TU Dortmund University () is a technical university in Dortmund, North Rhine-Westphalia, Germany with over 35,000 students, and over 6,000 staff including 300 professors, offering around 80 Bachelor's and master's degree programs. It is situated in the Ruhr area, the fourth largest urban area in Europe. The university is highly ranked in terms of its research performance in the areas of physics, electrical engineering, chemistry and economics. The university pioneered the Internet in Germany, and contributed to machine learning (in particular, to support-vector machines, and RapidMiner).

History
The University of Dortmund (German: Universität Dortmund) was founded in 1968, during the decline of the coal and steel industry in the Ruhr region.

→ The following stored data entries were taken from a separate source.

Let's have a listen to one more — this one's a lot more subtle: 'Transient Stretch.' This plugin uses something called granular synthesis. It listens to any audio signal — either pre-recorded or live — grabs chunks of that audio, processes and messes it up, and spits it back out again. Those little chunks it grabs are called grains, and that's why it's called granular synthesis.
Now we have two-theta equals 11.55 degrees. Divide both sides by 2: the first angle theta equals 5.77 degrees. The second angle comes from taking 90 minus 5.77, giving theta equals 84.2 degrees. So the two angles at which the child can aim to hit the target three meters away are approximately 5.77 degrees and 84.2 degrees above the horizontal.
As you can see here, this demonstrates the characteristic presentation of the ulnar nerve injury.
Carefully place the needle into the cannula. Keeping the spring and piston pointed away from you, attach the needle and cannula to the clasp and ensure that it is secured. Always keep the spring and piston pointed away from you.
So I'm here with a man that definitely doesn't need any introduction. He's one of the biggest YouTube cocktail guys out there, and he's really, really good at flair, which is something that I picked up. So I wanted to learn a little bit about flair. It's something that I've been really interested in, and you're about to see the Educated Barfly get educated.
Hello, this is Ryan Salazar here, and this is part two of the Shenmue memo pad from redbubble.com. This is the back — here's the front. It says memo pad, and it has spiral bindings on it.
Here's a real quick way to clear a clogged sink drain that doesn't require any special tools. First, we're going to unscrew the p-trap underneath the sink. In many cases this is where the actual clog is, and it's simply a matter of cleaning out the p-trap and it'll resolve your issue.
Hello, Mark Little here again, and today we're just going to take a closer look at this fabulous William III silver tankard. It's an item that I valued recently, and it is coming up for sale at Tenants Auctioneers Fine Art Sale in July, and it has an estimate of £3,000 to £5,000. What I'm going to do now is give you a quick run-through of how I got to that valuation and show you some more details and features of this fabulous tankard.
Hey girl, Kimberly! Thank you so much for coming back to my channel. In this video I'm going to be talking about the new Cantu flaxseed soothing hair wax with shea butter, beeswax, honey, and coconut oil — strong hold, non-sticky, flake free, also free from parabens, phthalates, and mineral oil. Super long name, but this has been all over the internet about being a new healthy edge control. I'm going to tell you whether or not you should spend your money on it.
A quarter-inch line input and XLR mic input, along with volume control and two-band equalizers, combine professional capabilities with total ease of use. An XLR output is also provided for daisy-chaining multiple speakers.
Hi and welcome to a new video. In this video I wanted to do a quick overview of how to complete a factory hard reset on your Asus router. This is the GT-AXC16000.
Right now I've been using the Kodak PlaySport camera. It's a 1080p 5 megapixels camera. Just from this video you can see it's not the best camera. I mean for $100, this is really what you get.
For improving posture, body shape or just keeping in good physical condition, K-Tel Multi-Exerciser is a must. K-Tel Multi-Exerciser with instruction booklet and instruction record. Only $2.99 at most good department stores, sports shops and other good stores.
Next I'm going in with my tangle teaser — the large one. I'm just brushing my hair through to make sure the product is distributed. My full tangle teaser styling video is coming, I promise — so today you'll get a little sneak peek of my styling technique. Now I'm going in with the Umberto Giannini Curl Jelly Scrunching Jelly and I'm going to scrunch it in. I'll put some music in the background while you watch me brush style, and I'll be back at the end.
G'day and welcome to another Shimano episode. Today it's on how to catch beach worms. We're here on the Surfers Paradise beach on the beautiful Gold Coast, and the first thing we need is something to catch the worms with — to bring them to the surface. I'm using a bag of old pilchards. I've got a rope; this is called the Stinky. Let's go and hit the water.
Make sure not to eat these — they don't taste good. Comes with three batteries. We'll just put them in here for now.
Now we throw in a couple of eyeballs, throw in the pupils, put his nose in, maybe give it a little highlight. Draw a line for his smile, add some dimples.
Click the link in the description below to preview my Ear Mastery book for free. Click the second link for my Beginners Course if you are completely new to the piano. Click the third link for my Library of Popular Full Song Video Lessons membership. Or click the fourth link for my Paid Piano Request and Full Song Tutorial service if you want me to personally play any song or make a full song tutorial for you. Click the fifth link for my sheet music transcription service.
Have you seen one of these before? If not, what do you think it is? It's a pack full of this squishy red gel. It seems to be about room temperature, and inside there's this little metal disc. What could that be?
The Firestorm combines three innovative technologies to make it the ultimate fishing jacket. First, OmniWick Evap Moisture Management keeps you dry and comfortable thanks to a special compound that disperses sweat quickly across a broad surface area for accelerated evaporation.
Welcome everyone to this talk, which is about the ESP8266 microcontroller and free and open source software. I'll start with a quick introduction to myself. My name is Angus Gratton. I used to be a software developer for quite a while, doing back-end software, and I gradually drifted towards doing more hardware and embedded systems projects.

Its establishment was seen as an important move in the economic change (Strukturwandel) from heavy industry to technology. The university's main areas of research are the natural sciences, engineering, pedagogy/teacher training in a wide spectrum of subjects, special education, and journalism. The University of Dortmund was originally designed to be a technical university, but in 1980, it merged with the adjacent Pädagogische Hochschule Ruhr that housed mostly humanities.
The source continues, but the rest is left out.